United States v. Donald Maxwell

131 F.3d 622, 1997 U.S. App. LEXIS 34232, 1997 WL 754615
CourtCourt of Appeals for the Seventh Circuit
DecidedDecember 4, 1997
Docket97-1557
StatusPublished
Cited by1 cases

This text of 131 F.3d 622 (United States v. Donald Maxwell) is published on Counsel Stack Legal Research, covering Court of Appeals for the Seventh Circuit primary law. Counsel Stack provides free access to over 12 million legal documents including statutes, case law, regulations, and constitutions.

Bluebook
United States v. Donald Maxwell, 131 F.3d 622, 1997 U.S. App. LEXIS 34232, 1997 WL 754615 (7th Cir. 1997).

Opinion

CUMMINGS, Circuit Judge.

Defendant Donald Maxwell was charged with mail fraud in violation of 18 U.S.C. § 1341. He pled guilty to Count I of the indictment and the remaining two counts were dismissed pursuant to a written plea agreement. He was sentenced to five months in custody and five months in home confinement and was ordered to pay $37,008 in restitution.

From January' 1988 to March 1991 Maxwell was the accountant for a small Chicago commodities futures trading firm, Wiklund Trading, which bought and sold commodity futures and options at the New York Commodities Exchange and the Chicago Board of Trade.
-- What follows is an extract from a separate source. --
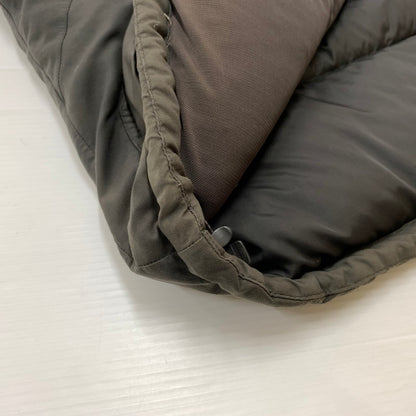 【現状渡し品】【メンズ】 THE NORTH FACE ザ ノースフェイス MT EREBUS JACKET ND01219 マウンテン エレバス ジャケット アウター ダウンジャケット 144-260510-ko-26-tei サイズ：L カラー：グレー 万代Net店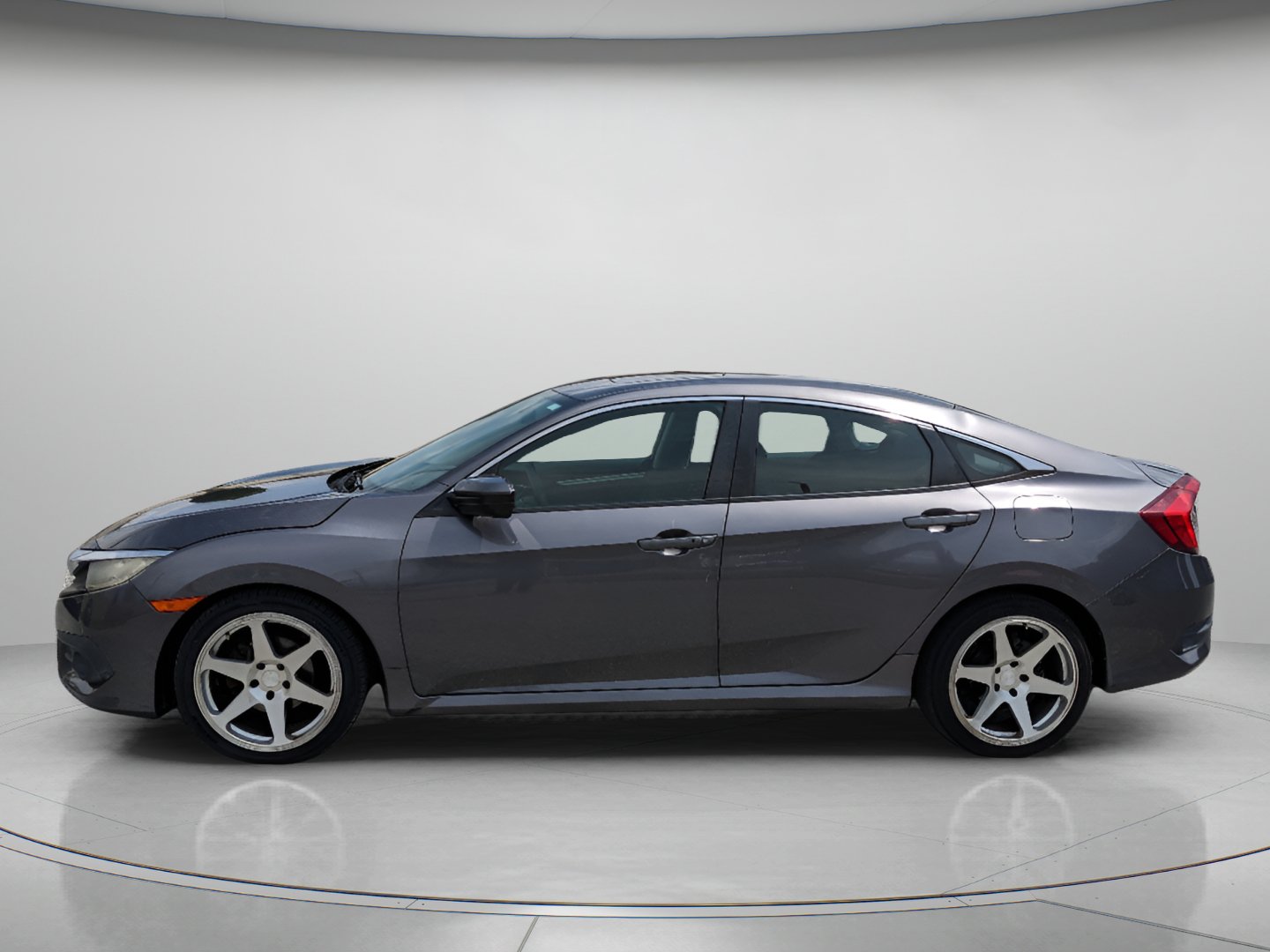 Used 2017 Honda Civic EX-T image 5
Commodities futures are bought and sold in units known as “contracts.” A futures contract is a contract for the purchase or sale of any commodity for delivery in the future.

Wiklund Trading placed all orders for commodities contracts with Geldermann, Inc., a Chicago clearinghouse for commodities futures traded on the New York Commodities Exchange and the Chicago Board of Trade.

Maxwell’s duties consisted of computing profits and losses for the five traders employed by Wiklund. He reconciled daily computer printouts from Geldermann and prepared daily statements summarizing the previous day’s profits and losses.

In October 1989 Maxwell decided to become a trader himself. Mark Wiklund gave him permission to trade only two Standard & Poor 500 contracts at one time. Maxwell was to get a bonus of 50% of his profits and share 50% of his losses.

From January 1990 to March 6,1991, Maxwell traded in excess of his limits and losses. To conceal his unauthorized trades and losses, Maxwell altered Geldermann’s daily printout of Wiklund’s trading activity. He whited-out the unauthorized trades and entered false numbers as to his trading level. Just prior to his termination he also deleted 400 of Wiklund’s computer files and removed most of his daily summaries and Gelder-mann’s daily printouts from Wiklund’s offices.

Count I of the indictment charged that Maxwell violated 18 U.S.C. § 1341 which proscribes using the mails to carry out any scheme or artifice to defraud.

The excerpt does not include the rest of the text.